Rundblick durch die Feuilletondebatten. Wochentags um 9 Uhr, sonnabends um 10 Uhr.
04.08.2014. Zwei Fragen, die Amos Oz in der Deutschen Welle stellte, bewegen Medien in den USA und Frankreich. Yahoo erhebt Verfassungsbeschwerde gegen das Leistungsschutzrecht, meldet Netzpolitik. Netzpolitik berichtet auch über die Weigerung Glenn Greenwalds, vor dem NSA-Ausschuss des Bundestags auszusagen. Die taz freut sich über die Wiedergeburt des Marxismus an unerwartetem Ort: den USA. Die NZZ bringt Péter Esterházys beim Pride-Festival in Budapest gehaltene Rede über Toleranz.
Efeu - Die Kulturrundschau vom 04.08.2014 finden Sie hier

Politik

Sehr von sich reden macht ein Interview, das Dennis Stute (korrigiert) für die Deutsche Welle mit Amos Oz geführt hat - wegen der zwei Fragen, die Oz an den Anfang des Gesprächs gesetzt hat: "Frage 1 - Was würden Sie tun, wenn Ihr Nachbar auf der anderen Straßenseite seinen kleinen Jungen auf den Schoß nimmt und dann mit dem Maschinengewehr in Ihr Kinderzimmer schießt? Frage 2 - Was würden Sie tun, wenn Ihr Nachbar auf der anderen Straßenseite einen Tunnel von seinem Kinderzimmer zu Ihrem Kinderzimmer gräbt, um es in die Luft zu jagen oder Ihre Familie zu entführen?"

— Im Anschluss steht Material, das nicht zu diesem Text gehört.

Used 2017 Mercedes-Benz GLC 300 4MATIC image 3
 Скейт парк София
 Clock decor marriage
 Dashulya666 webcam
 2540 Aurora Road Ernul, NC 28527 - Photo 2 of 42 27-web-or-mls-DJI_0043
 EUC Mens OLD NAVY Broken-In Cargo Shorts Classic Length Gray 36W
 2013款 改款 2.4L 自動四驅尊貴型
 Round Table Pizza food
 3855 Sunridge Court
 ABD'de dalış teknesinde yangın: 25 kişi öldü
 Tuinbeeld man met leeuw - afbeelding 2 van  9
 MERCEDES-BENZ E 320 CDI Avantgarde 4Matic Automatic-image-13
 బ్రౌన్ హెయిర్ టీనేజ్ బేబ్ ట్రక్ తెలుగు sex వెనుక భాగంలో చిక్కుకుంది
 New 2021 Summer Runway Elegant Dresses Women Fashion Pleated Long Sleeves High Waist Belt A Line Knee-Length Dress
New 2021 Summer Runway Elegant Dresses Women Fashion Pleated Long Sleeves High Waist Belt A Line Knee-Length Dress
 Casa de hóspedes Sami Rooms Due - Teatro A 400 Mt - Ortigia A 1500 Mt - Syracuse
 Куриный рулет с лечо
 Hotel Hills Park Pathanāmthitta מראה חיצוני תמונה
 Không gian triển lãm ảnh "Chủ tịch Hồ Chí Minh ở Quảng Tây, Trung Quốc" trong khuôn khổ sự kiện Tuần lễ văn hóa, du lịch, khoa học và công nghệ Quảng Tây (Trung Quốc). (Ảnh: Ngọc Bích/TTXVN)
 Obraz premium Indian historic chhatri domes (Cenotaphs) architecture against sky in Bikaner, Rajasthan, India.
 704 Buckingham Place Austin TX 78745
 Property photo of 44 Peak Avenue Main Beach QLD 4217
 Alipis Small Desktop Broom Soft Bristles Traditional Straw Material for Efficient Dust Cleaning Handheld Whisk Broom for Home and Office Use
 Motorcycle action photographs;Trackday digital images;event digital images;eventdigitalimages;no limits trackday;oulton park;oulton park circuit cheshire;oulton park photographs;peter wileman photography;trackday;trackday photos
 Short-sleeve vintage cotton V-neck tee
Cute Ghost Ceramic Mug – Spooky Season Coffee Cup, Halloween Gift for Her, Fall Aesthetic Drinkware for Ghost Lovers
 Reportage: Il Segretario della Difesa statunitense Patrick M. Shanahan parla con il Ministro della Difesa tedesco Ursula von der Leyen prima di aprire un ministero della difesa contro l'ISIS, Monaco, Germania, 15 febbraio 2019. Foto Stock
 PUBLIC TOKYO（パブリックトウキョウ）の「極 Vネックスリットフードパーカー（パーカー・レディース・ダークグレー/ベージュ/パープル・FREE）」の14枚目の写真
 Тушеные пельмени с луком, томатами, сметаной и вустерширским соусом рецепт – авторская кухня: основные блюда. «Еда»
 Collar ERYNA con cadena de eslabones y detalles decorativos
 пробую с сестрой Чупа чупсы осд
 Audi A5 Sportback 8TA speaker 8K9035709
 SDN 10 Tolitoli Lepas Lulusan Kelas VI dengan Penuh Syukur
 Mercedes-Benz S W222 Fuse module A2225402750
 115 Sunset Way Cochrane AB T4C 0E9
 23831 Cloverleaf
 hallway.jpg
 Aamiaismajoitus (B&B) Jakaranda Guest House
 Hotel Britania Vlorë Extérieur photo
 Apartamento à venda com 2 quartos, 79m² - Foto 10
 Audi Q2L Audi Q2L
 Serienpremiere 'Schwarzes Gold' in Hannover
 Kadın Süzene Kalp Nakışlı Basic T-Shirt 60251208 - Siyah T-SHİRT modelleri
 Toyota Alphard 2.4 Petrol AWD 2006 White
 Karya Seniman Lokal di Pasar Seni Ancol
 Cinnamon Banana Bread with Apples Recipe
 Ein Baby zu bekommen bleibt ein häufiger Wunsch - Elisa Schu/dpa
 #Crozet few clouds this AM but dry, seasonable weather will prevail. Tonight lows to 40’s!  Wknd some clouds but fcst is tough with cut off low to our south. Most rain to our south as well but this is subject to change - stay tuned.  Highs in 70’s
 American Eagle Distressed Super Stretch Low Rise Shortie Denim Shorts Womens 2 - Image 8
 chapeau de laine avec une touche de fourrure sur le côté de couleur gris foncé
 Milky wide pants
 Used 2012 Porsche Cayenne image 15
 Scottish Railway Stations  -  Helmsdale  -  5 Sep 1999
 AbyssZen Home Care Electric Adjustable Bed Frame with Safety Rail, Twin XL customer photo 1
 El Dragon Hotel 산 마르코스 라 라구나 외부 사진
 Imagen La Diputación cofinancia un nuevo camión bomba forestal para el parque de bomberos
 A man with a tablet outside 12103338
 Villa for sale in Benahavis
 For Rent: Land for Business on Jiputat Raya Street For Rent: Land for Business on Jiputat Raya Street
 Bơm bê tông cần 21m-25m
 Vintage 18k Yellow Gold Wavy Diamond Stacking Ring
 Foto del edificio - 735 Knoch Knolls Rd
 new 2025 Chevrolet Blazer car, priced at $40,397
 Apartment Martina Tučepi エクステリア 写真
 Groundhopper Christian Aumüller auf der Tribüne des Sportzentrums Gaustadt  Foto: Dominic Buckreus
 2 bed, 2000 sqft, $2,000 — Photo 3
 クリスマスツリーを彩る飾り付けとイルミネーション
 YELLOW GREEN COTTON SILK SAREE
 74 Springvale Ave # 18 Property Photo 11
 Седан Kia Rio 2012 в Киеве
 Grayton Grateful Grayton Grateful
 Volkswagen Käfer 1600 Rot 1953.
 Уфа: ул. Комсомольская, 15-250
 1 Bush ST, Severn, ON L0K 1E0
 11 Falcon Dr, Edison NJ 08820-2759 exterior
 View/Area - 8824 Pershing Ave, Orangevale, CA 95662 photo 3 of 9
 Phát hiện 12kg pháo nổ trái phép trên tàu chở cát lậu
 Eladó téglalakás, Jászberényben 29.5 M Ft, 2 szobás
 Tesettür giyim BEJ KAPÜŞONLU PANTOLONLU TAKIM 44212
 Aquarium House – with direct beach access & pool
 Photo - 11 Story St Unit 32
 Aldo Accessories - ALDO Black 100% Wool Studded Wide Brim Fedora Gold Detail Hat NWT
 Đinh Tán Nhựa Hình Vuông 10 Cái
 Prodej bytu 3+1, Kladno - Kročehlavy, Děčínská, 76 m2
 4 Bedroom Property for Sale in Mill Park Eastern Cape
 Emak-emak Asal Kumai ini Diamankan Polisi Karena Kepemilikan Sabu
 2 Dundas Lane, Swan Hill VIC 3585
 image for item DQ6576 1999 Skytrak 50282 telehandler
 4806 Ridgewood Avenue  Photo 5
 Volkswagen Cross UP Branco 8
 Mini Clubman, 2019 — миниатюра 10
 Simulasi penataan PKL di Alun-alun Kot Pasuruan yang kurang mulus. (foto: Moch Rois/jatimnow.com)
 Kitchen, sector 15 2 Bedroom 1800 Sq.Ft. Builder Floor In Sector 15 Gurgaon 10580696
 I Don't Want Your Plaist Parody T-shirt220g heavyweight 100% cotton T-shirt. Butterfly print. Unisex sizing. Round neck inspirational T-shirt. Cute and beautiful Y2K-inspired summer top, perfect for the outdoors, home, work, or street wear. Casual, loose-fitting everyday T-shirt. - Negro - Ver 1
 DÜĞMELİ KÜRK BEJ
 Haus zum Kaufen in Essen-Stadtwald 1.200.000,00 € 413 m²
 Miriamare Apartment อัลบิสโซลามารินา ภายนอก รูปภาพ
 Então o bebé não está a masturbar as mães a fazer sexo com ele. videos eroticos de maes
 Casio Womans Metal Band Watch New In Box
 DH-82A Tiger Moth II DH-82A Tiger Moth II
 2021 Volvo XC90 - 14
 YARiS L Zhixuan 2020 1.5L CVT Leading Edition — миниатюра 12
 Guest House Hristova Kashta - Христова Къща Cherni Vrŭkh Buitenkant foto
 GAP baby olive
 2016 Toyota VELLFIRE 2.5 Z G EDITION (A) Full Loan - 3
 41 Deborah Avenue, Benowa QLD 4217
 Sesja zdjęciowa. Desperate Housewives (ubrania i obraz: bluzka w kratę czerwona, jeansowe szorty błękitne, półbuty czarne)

Im New Yorker schreibt Philip Gourevitch über dieses Interview und vergleicht Oz" regierungskritische Äußerungen, die auf seine Eröffnungsfragen folgen, mit einem Text des palästinensischen Autors Rashid Khalidi für den New Yorker, der eine vergleichbar selbstkritische Position vermissen lässt. Auch Jeffrey Goldberg nimmt im Atlantic Bezug auf das Oz-Interview: Selbst Israelis der Friedensbewegung sähen keine Alternative mehr zur Ausschaltung der Hamas. Und für Eric Leser in Slate.fr offenbart das Interview die Diskrepanz zwischen der Wahrnehmung des Konflikts in Israel und außerhalb des Landes.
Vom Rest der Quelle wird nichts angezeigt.